Required action: Output range, inclusive: from the line containing "Shakunetsu no Takkyuu" to the line containing "霸氣十足商貿公司名字(3篇)-第1張-公司起名-玄機派". Restate those lines from the data below word for word and only those.

Records for this exercise:

= Beginning of Section =

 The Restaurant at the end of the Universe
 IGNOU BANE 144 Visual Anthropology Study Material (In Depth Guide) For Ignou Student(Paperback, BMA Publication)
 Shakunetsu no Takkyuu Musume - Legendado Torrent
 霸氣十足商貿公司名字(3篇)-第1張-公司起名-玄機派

= End of Section =
= Beginning of Section =

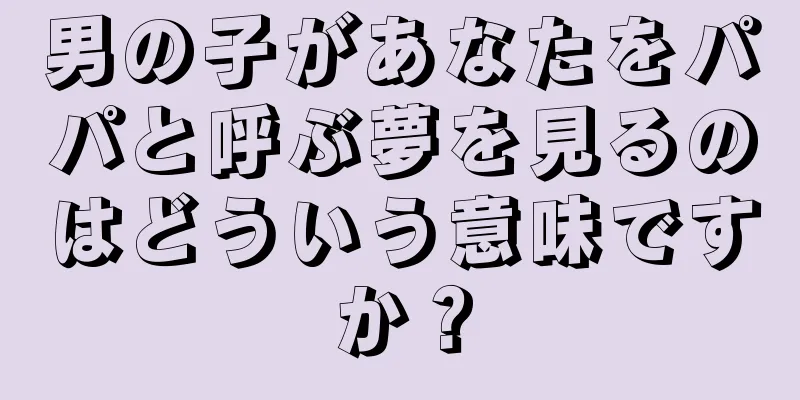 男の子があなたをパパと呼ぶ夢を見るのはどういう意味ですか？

= End of Section =

Task output:
 Shakunetsu no Takkyuu Musume - Legendado Torrent
 霸氣十足商貿公司名字(3篇)-第1張-公司起名-玄機派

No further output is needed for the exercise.